Lurie, president of AT&T’s emerging devices business, said the company welcomes the feedback and it’s spending heavily to keep upgrading its network as data usage explodes.
“The main point I’ll say is we’re always looking for feedback,” said Lurie, a Seattle Pacific University graduate.
AT&T spent $18.5 billion in the past year and $18 billion the year before to keep up with data usage that’s grown 5,000 percent over the past three years.
“Aren’t you like the dog chasing the car and you’re never going to catch it?” Mossberg said.
Lurie, a former professional soccer player, did a little sidestep when asked about Verizon getting the iPhone that’s been exclusive to AT&T since its launch in 2007.

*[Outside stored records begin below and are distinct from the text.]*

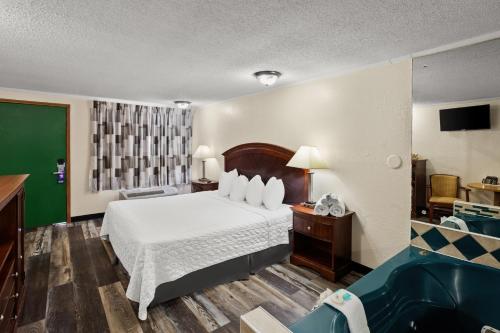 una habitación de hotel con una cama y una bañera en Knights Inn Ashland, en Ashland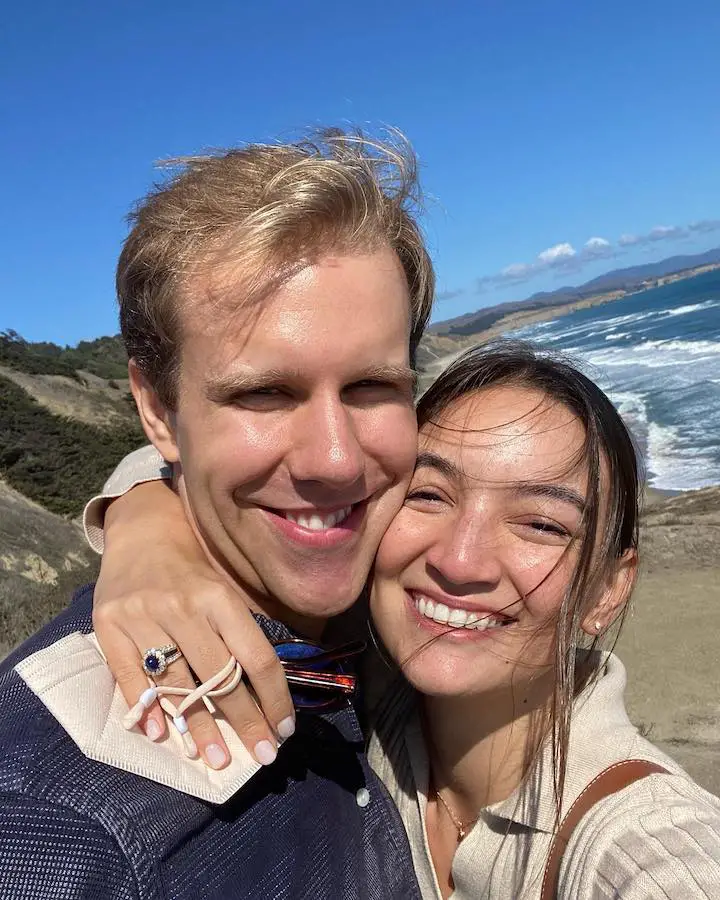 Emily Mariko (right) with her longtime boyfriend turned fiance Matt Rickard (left) while showcasing her ring around his neck.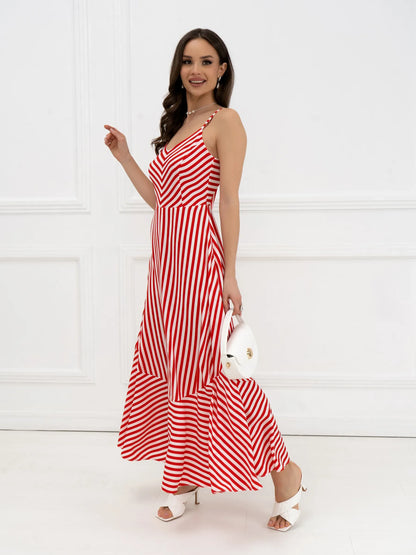 Model wearing a striped red-and-white maxi dress with chevron design and a tiered hem, accessorized with a white bag.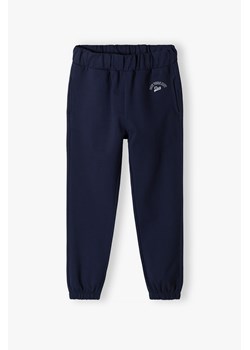 Granatowe spodnie dresowe dla dziewczynki - Lincoln&Sharks ze sklepu 5.10.15 w kategorii Spodnie chłopięce - zdjęcie 170966717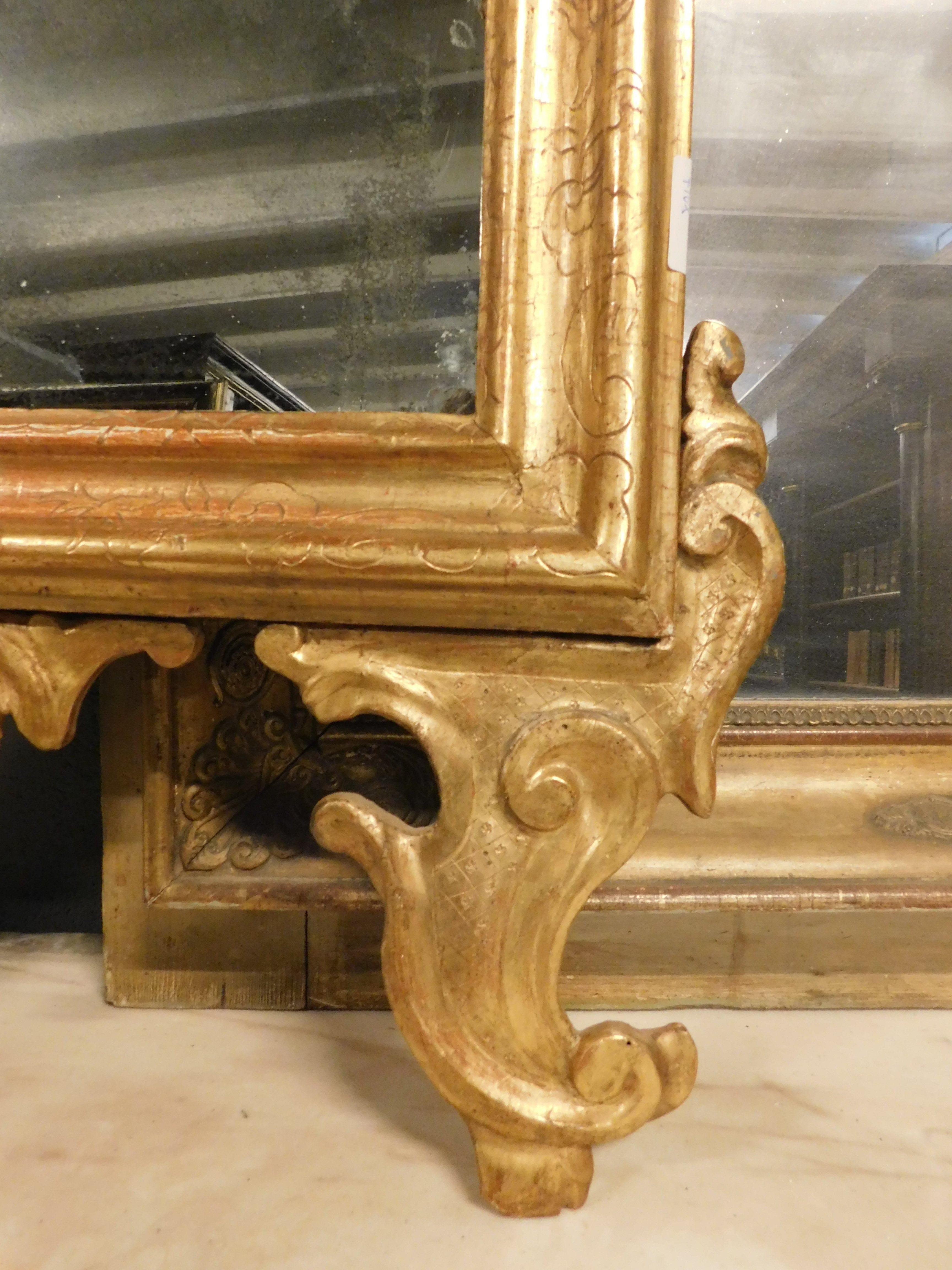 Carved Ancient mirror in gilded and carved wood, France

Pressed on the question, Lurie said AT&T’s not worried.
“We have come out very publicly and said we’re not concerned about it at all … If and when that ever happens, we are in a position to compete with anybody who has any device any time,” he said.
Lurie said AT&T is also pleased with the sales of Android and Windows Phone 7 devices.
“The key is when you have 93 million customers that you have everything,” he said.
AT&T may be losing its iPhone exclusivity, but it’s still tight with Apple. Lurie said he talks all the time with Apple’s chief operating officer.
“I talk to Tim Cook pretty much every day,” he said.
All networks are going to be under similar pressure from soaring data consumption through new devices and applications, Lurie said, making a bid for the 2010 Positive Spin Award.
“All the carriers are going to deal with this,” he said. “We had the good fortune of dealing with it first.”